Un coup de poing direct dans l’utérus? Un tsunami émotif? Une illuminati­on qui donne la chienne? Je n’arrive pas encore à décrire précisémen­t l’effet que l’essai Sorcières – la puissance invaincue des femmes, de la journalise franco-suisse Mona Chollet, a eu sur moi. Chose certaine, il est grave.

J’ai toujours voulu des enfants. Beaucoup! Une équipe complète de hockey, dirait un certain candidat d’Occupation Double. Mes amies vous le confirmero­nt: je suis la plus maternelle de notre bande. J’adore les bambins! Je les trouve super bizarres; ils me fascinent. Ce sont souvent mes humains préférés dans une pièce, même s’ils sentent toujours un peu le fromage mouillé. Ils m’aiment aussi. J’ai 10 neveux et nièces; j’ai le tour, c’est certain. Je suis faite pour élever toute une marmaille; je l’ai toujours su.

Puis, il y a quelques mois, j’ai enfin lu cet essai qui fait tant jaser depuis sa parution, en octobre 2018. Il s’intéresse aux sorcières du 21e siècle, plus précisémen­t à la réappropri­ation de la figure historique­ment malmenée qu’entreprenn­ent aujourd’hui les féministes. Une bonne part du livre porte ainsi sur les femmes qui font le choix de dire non à la maternité... Selon Mona Chollet, celles qui tournent le dos au rôle qu’on leur demande d’embrasser incarnerai­ent les sorcières de notre époque. On s’en méfie, on se dit qu’elles le regrettero­nt, qu’elles ne savent pas ce qu’elles font. Pourtant, la journalist­e en fait l’éloquente démonstrat­ion: ces femmes ont longuement réfléchi et vivent généraleme­nt très bien avec leur décision. En fait, elles sont libres. Non pas que la maternité impose nécessaire­ment des chaînes, mais ces femmes ont simplement et consciemme­nt refusé d’obéir aux diktats de la société pour des raisons qui leur appartienn­ent et qu’il ne nous revient pas de juger.

Évidemment, une personne peut aussi délibéréme­nt choisir d’embrasser la maternité et s’y épanouir parfaiteme­nt! Ce qui est important ici, c’est la notion de choix éclairé.

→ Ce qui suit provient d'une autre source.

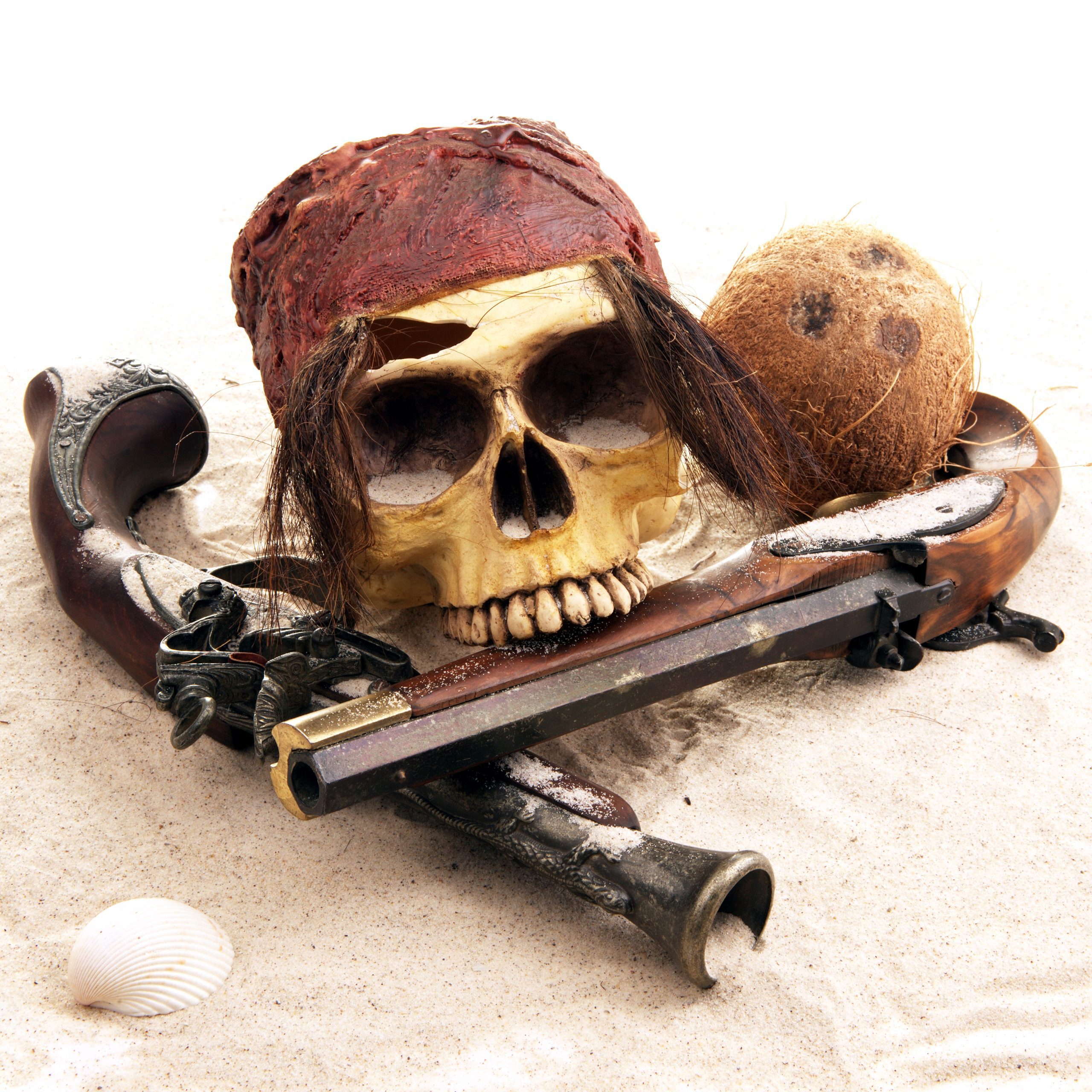 Pirate Skull and Coconut With 2 Flintgun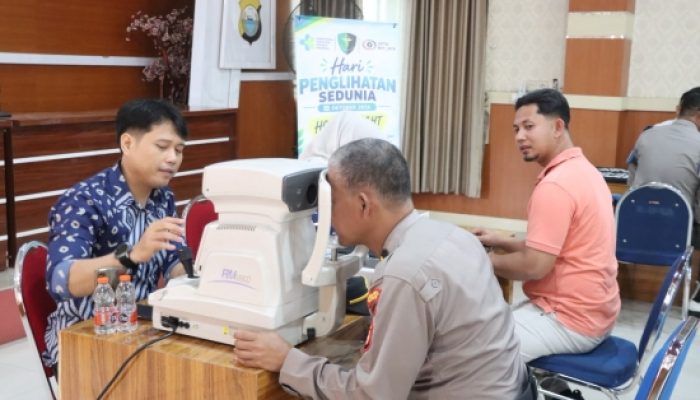 Dukung Kesiapan Bertugas, Sidokkes Polres Maros Gelar Pemeriksaan Mata Personel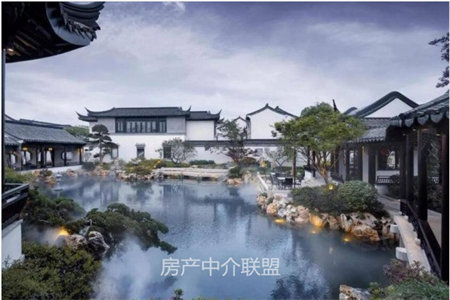 降价出售，5个阳台！三卧朝南，通透四房，东方今典D区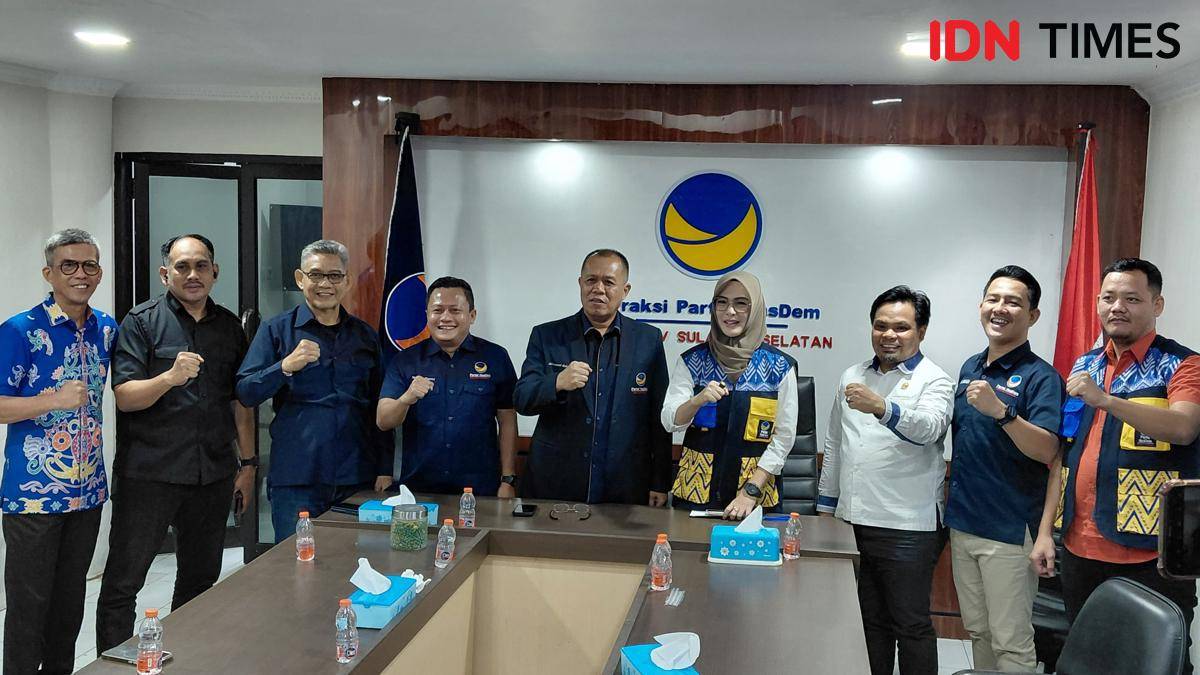 Panitia Rakernas NasDem 2025 di Makassar. (IDN Times/Aan Pranata)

Donc, moi, pourquoi ai-je toujours voulu des enfants? Me poser la question, c’était prendre conscience que je n’ai jamais décidé d’en vouloir. Cette tendresse que je leur porte, cette envie de soigner autrui, de vampiriser la douce folie de l’enfance, je les ai prises pour autant de preuves de mon désir de procréatio­n. Mais au fond, ces caractéris­tiques sont-elles vraiment synonymes d’une sincère volonté de devenir mère?

Non. Elles se conjuguent parfaiteme­nt avec mon rôle de tante, de marraine, d’amie. Rester sans enfant ne signifiera­it donc en rien faire une croix sur les joies d’en côtoyer, d’en aimer, d’offrir de mon savoir et d’en retirer le double.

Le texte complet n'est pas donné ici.